Esas opiniones tan sesgadas nos duelen especialmente a los que llevamos toda la vida trabajando muy duro, y no siempre en las mejores condiciones, en un ámbito en el que encontramos no solo un cauce para nuestro desarrollo profesional sino también personal. Porque entiendo que enseñar e investigar tienen mucho de pasión por la vida, de implicación absoluta del cuerpo y la mente en una tarea que carece de horarios y nos ocupa casi sin descanso. Al menos yo no entiendo de otra manera mi dedicación a un trabajo en el que permanentemente tengo que demostrar mis capacidades, el que nunca dejo de estar sometido a controles internos y externos y en el que, a diferencia de lo que piensa una buena parte de quienes nos miran, siempre queda un riguroso rastro tanto de lo que hacemos bien como de aquello en lo que erramos.
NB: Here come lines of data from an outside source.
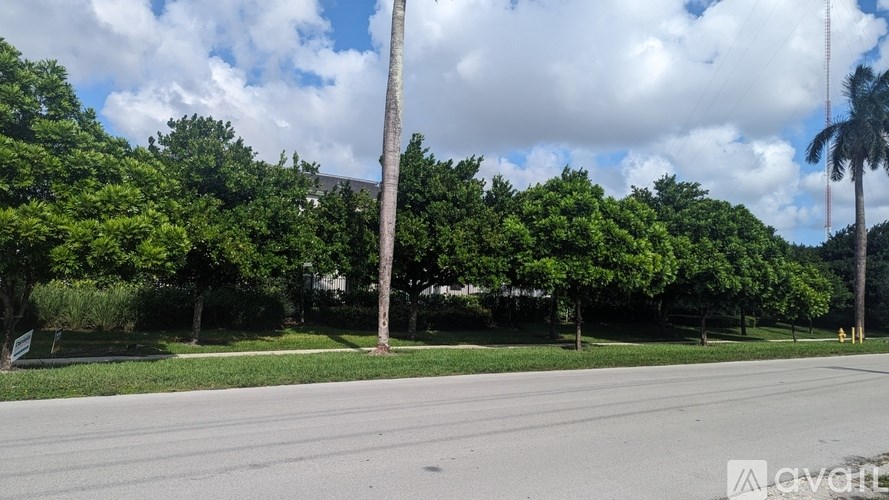A street with a sidewalk and trees on the side.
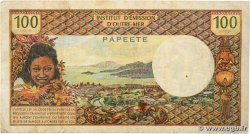 100 Francs TAHITI  1973 P.24b VG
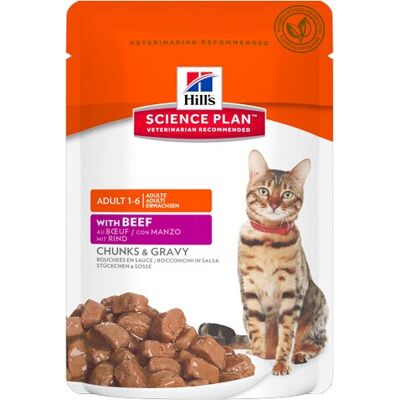 Hill's Science Plan Cibo umido per gatti adulti con manzo Hill's Science Plan Cibo umido per gatti adulti con manzo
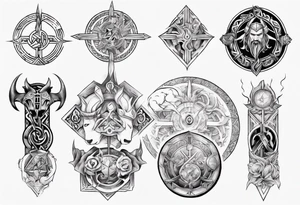Upper arm sleeve of norse mythology symbols tattoo idea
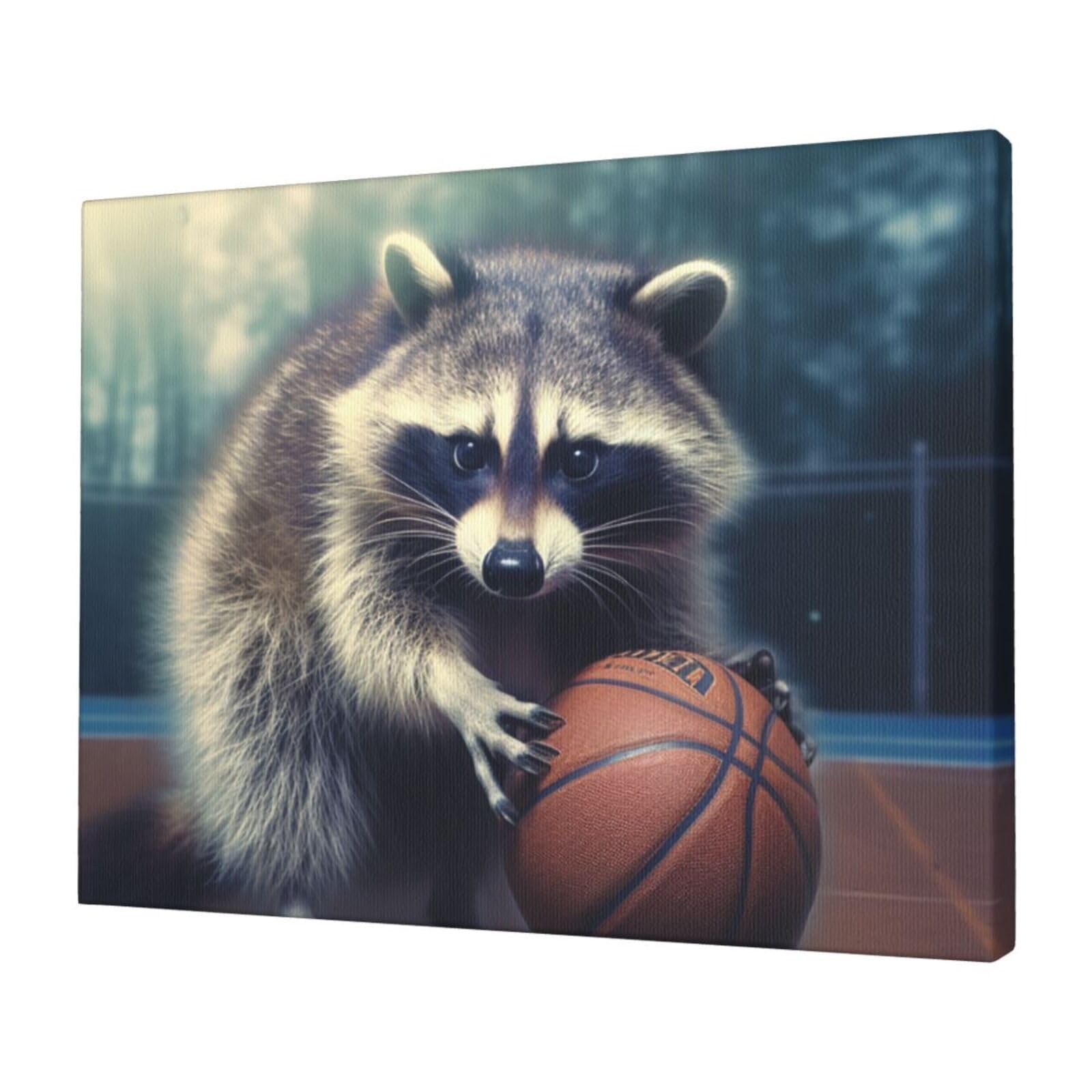 FodPand Canvas Wall Art for Living Room Wall Decor 12"x16" Modern Artwork Painting Pictures Hanging Canvas Prints Funny Raccoon Basketball Aesthetic Wall Art for Bedroom Bathroom Office Wallart Decor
Por todo ello, me duele tanto, como supongo que también a tantos y tantas colegas, todo lo que está sucediendo en torno al máster de la señora Cifuentes.  Un asunto en el que es evidente que algo huele a podrido y que, por tanto, nos sitúa frente a lo peor que se le puede reprochar no solo a una Universidad sino en general a cualquier espacio público: la falta de transparencia, el incumplimiento de las reglas del juego y, por supuesto, las mentiras o medias verdades con las que se trata de despistar al respetable. Algo que ha alcanzado unos vergonzosos niveles de cinismo en la comparecencia de la alumna “fantasma” ante el órgano que representa a la ciudadanía madrileña. Un ejercicio de cinismo e irresponsabilidad política que debería activar inmediatamente una moción de censura y que, lógicamente, a través de la propuesta de una Comisión de investigación realizada por Ciudadanos, corre el riesgo de dejarse morir en el tiempo.  De esta manera, comprobamos como los adalides de la regeneración democrática acaban siendo fieles cómplices del más puro estilo Rajoy.
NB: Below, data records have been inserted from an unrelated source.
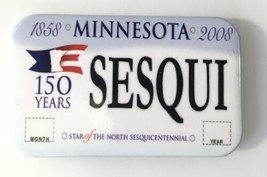 Minnesota Sesquicentennial Button Pin Sesqui 150 Year License Plate Shaped - $13.00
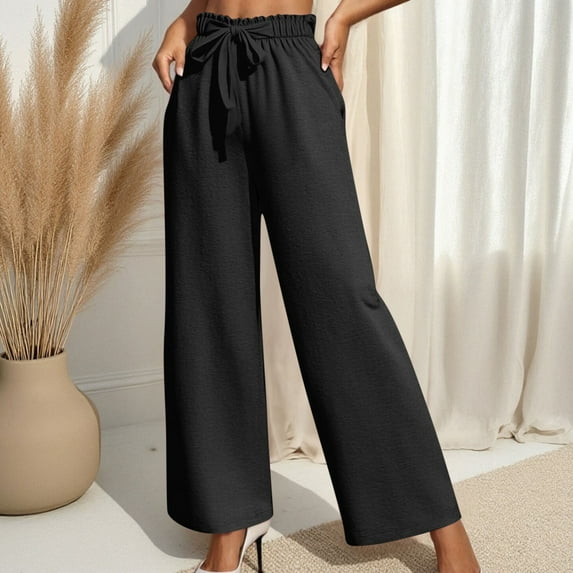 Nmnitkp Wide Leg Pants Woman with Pockets High Waist Adjustable Knot Loose Casual Trousers Business Work Casual Pants Black,2XL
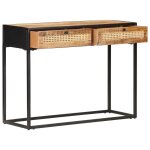 Vidaxl table console 100x35x75 cm bois de manguier et canne naturelle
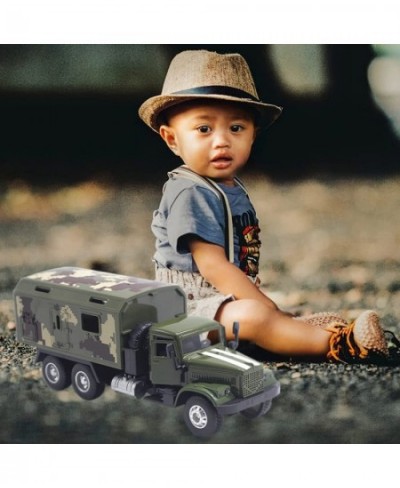 Military Truck Army Armored Model Car Treatment Transport Vehicle Metal Diecast Pull Back Toy with Lights and Sounds $45.64 -...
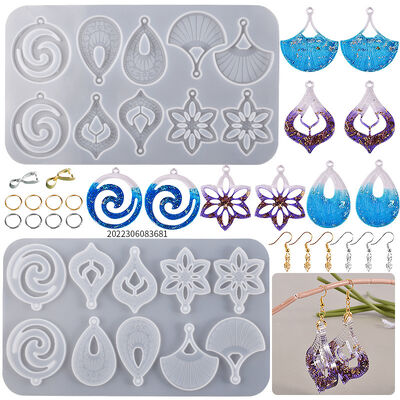 DIY Drop Glue Exotic Style Earrings Silicone Mold Hollow Pattern Water Droplet Fan Leaf Flower Pendant Grinding Tool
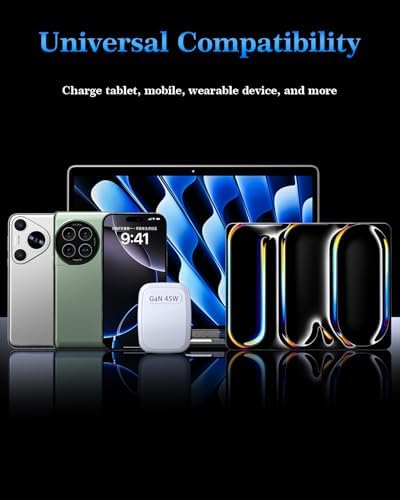 45 W Ga N USB-C Charger with Retractable Cord & Folding Prongs – Fast Charging Adapter for i Phone 16/15, Mac Book Air, i Pad Pro, Samsung & Pixel – Compact & Versatile Travel Solution with PD Technology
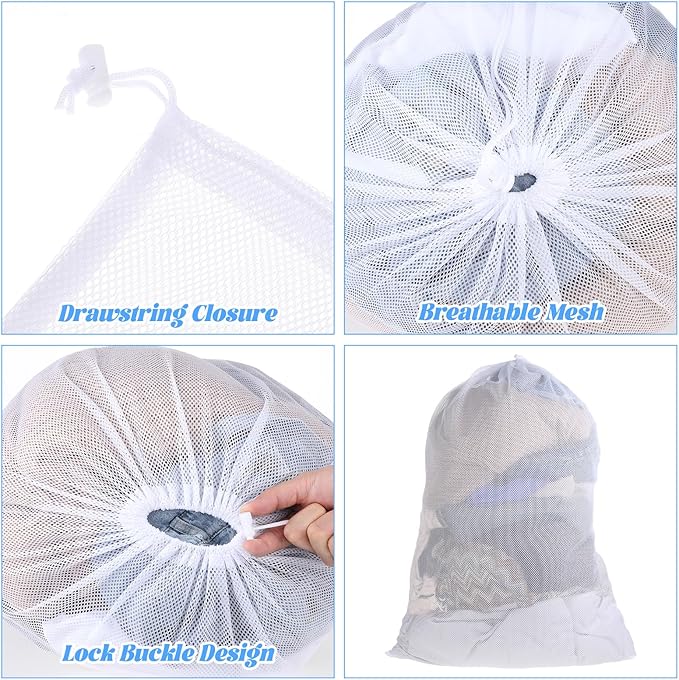 Mesh Laundry Bags, 23"x 34" Extra Large Travel Laundry Bags Heavy Duty, Washable Mesh Net Bag for Laundrys, Dorm, Hamper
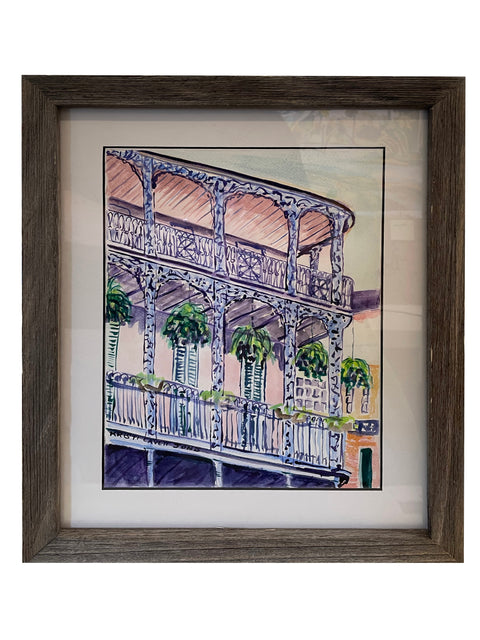 "Ferns and Lace" Framed Watercolor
Como ciudadano me indigna el nivel de desfachatez al que están llegando nuestros representantes, muy especialmente quienes nos (des)gobiernan pero también quienes crecen en el favor de las encuestas haciendo apenas un paripé de limpieza democrática.  Pero, como profesor universitario, supera la indignación todo lo que nos está llegando de una Universidad que al parecer algunos han convertido en un espacio en el que paradójicamente parecen no regir las reglas mínimas del Estado de Derecho. Me duele como universitario el mal olor que desprenden Cristina Cifuentes, y con ella todos quienes han sido cómplices en su singular y fantasmagórico Máster, no solo porque llegado el caso sus actuaciones puedan ser objeto de una clasificación delictiva, sino por lo que supone de negación de todo el trabajo, dedicación y esfuerzo que para tantos nos ha supuesto seguir una carrera profesional muy exigente y comprometida. Lo cual, insisto, no quiere decir que no haya ni haya habido impresentables que han hecho de su capa un sayo, pero en general me consta que quienes hoy han terminado su doctorado y no digamos ocupan una plaza de profesor o profesora han tenido que trabajárselo mucho, en condiciones habitualmente precarias y tan solo animados por la vocación que, de no existir, convertiría la vida universitaria en un laberinto incluso tóxico. Espero pues que se exijan las pertinentes responsabilidades y se sancione a todos quienes hayan pretendido hacer de los despachos universitarios el escenario perfecto para la satisfacción de sus intereses egoístas y de los de sus secuaces. Nos va el prestigio de la educación superior en ello y, por supuesto, a nivel más personal, el sentido de la decencia que para mí debe ser consustancial en quienes nos dedicamos a la sagrada tarea de pensar y enseñar. Una decencia que nos obligaría a señalar con el dedo y, a ser posible, a expulsar de espacios donde también se alimentan los valores que se proyectan en la vida pública, a todos y a todas quienes actúan en ellos más como padrinos que como sabios. A quienes no piensan tanto en la responsabilidad pública de tu dedicación sino más bien en las lindezas de un ombligo que les hacen sentir que están por encima del bien y del mal.